Gut PisdorhofEin Zuhause für 51 Individuen
Köln – „Das ist Penky, das ist Lumpi, das ist Waldi.“ Nacheinander stellt Eveline Kubut ihre drei kleinen Stoffhunde zur Begrüßung auf den Tisch. Die 65-Jährige freut sich über den Besuch, dem sie ihr Zuhause zeigen kann. Sie wohnt seit mehr als 30 Jahren im Gut Pisdorhof in Ossendorf. In der Caritas-Einrichtung für Menschen mit geistiger Behinderung wird seit rund zehn Jahren ein besonderes Betreuungskonzept angewandt.
„Das Konzept nach dem Niederländer Willem Kleine Schaars will den Menschen möglichst viel Selbstbestimmung geben“, sagt Sebastian Beckers. Der Heil- und Erziehungspfleger arbeitet seit gut 20 Jahren im Haus und ist ausgebildeter Coach für das Konzept mit der Abkürzung WKS. Seit im Haus nach WKS gearbeitet wird, hat sich vieles verändert: Die 51 Bewohnerinnen und Bewohner im Alter zwischen 21 und 80 Jahren können so viel wie möglich selbst bestimmen.
Nachtdienst ist jetzt anstrengender als früher
„Während früher die Küchen nachts abgeschlossen waren, können sie sich jetzt auch in der Nacht oder am Abend etwas zu essen machen“, nennt Beckers ein Beispiel. „Der Nachtdienst ist sicher anstrengender geworden“, gibt er zu.
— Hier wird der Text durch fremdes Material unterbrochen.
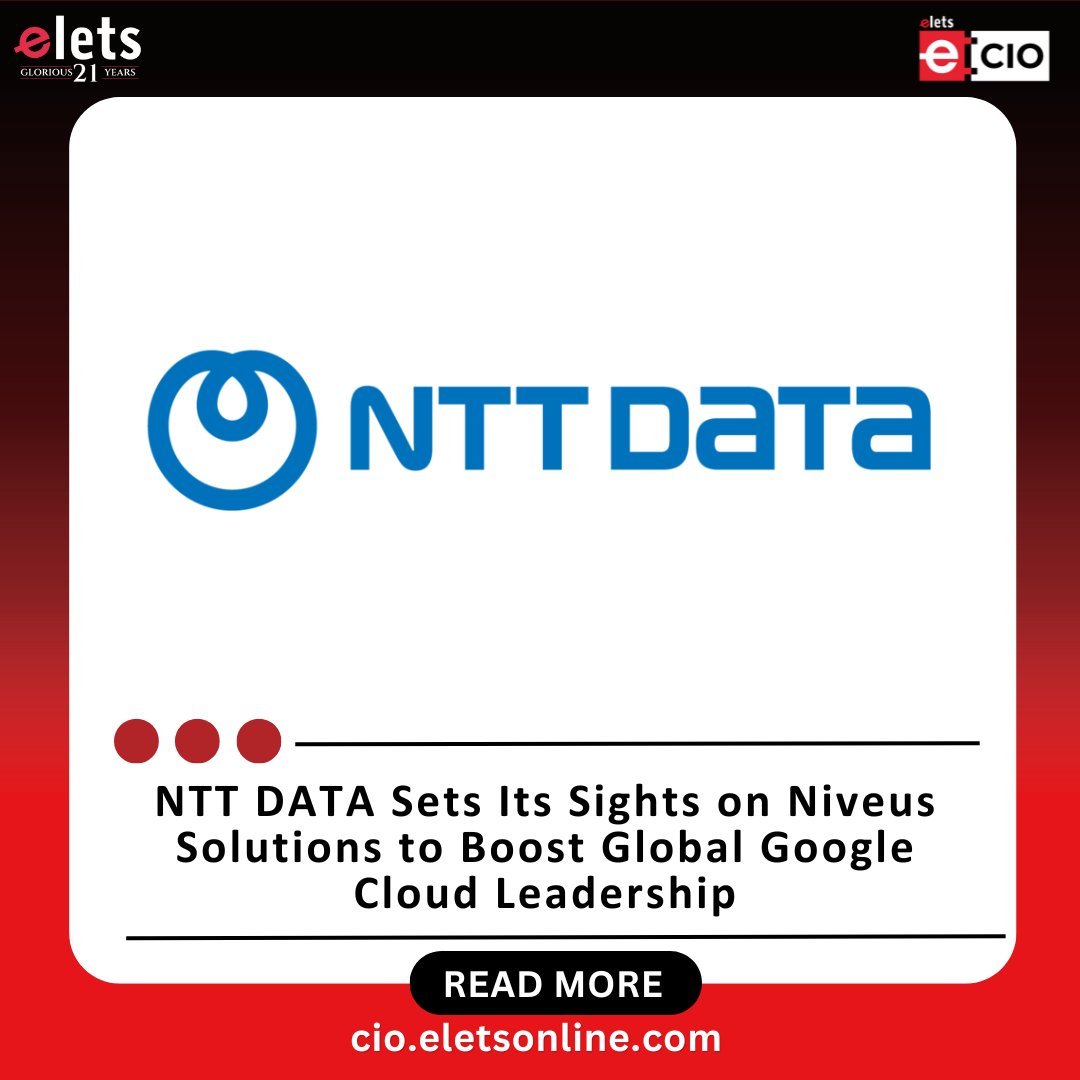 <a href="/nttdata_inc/">NTT DATA, Inc.</a>  is planning to acquire <a href="/niveussolutions/">NiveusSolutions</a> , a cloud engineering firm known for its expertise in <a href="/googlecloud/">Google Cloud</a>  Platform (GCP) services.

Read More :- lnkd.in/gYUVhH7p

#NTTDATA #GoogleCloud #NiveusSolutions #EletsCIO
Aber auch die Atmosphäre im Haus habe sich verändert. Sie wirkt locker und fröhlich. Während an diesem Sommertag einige an einem Hochbeet arbeiten, unterhalten sich andere im weitläufigen Innenhof unter der üppigen Linde.
WKS-Modell
4 Wohnhäuser für Menschen mit geistiger Behinderung betreibt die Caritas in Köln.
Diese sind: Gut Pisdorhof, St. Christophorus und Haus Blumenberg. Im Katharinenhaus leben Menschen mit Hörschädigung und einer psychischen Erkrankung.
Das Betreuungsmodell von Willem Kleine Schaars (WKS-Modell), nach dem jeder Mensch innerhalb seiner Fähigkeiten das eigene Leben bestimmen kann, wird in allen Häusern gelebt. (dha)
Es gibt einiges zu tun. Denn bald soll das Sommerfest stattfinden. Komplett in Eigenregie von den Bewohnern geplant. „Ich habe den Auftrag, für das Grillen zu sorgen. Ich habe mit der Hauswirtschaft geklärt, dass wir Wurst und Fleisch haben“, sagt Eveline Kubut nicht ohne Stolz. Dass das Fest funktionieren wird, liegt auch daran, dass sie gut organisieren kann.
„Eveline kann super organisieren. Und sie ist richtig gut darin, vor Gruppen zu sprechen“, sagt die Betriebliche Einrichtungsleiterin Alena Bergmann. Bewohnerin Lina dagegen ist künstlerisch begabt. Sie hat die Plakate für das Sommerfest farbenfroh und kreativ gestaltet. Nun hängen sie in den einzelnen Wohnbereichen.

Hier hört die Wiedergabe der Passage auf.